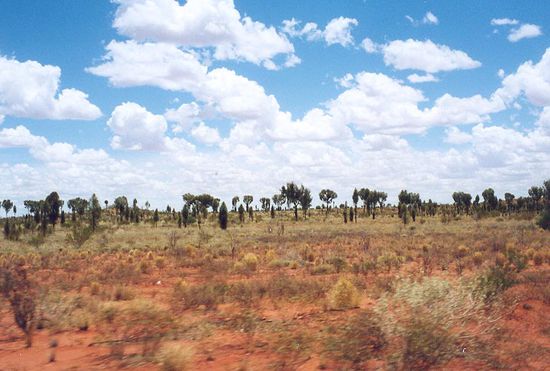 Australische Landschaft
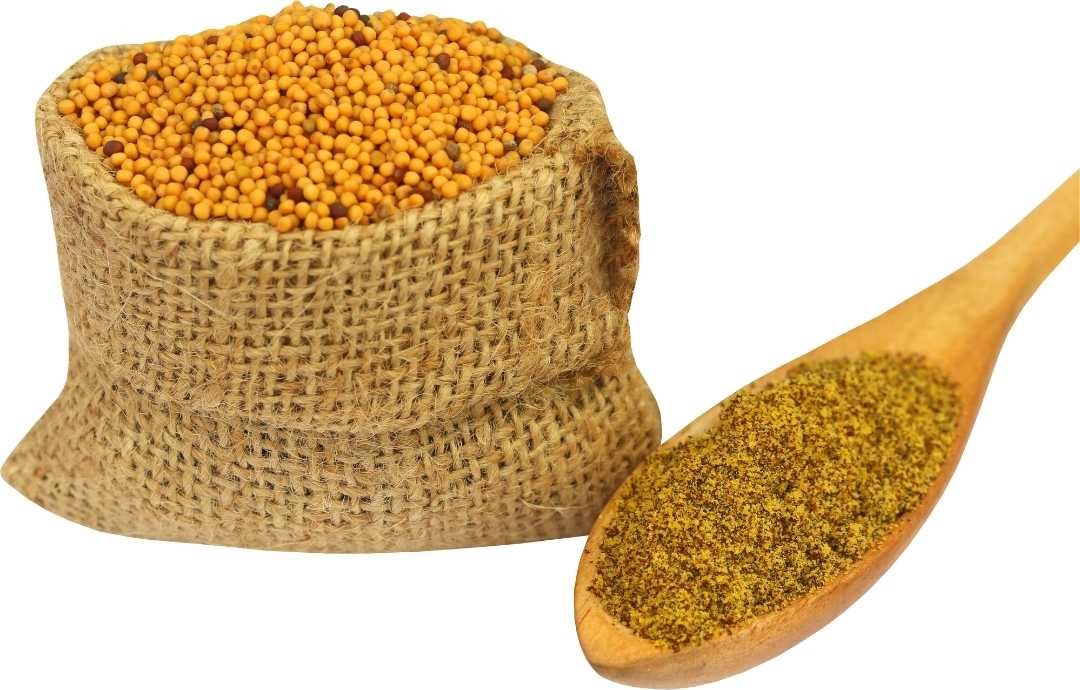 Essential Spices Used in Indian Restaurants - Mustard seeds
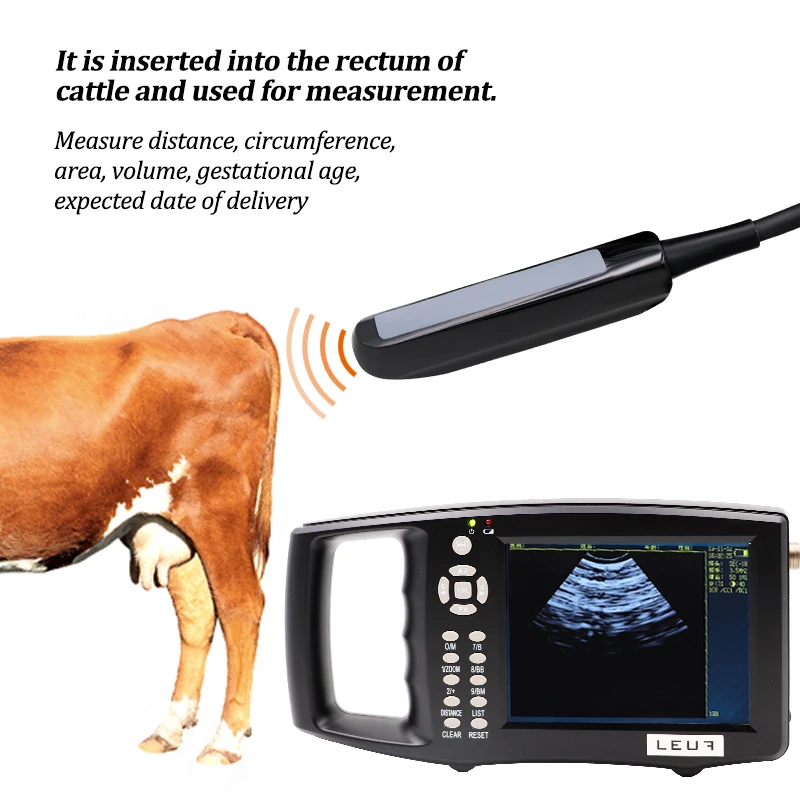 Scanner à ultrasons Portable pour Grossesse vétérinaire, Scanner Portable,  Machine numérique vétérinaire, Vaches, Chevaux et ânes, sonde rectale 6,5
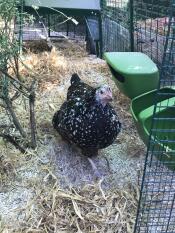 Le galline amano correre direttamente nel loro giardino con la nuova porta posteriore installata sotto la loro casa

-------

• Prompt:
Everything in the preceding material must be transcribed exactly, except the images.

• Result of this task:
 Australische Landschaft
 Essential Spices Used in Indian Restaurants - Mustard seeds
 Scanner à ultrasons Portable pour Grossesse vétérinaire, Scanner Portable,  Machine numérique vétérinaire, Vaches, Chevaux et ânes, sonde rectale 6,5
 Le galline amano correre direttamente nel loro giardino con la nuova porta posteriore installata sotto la loro casa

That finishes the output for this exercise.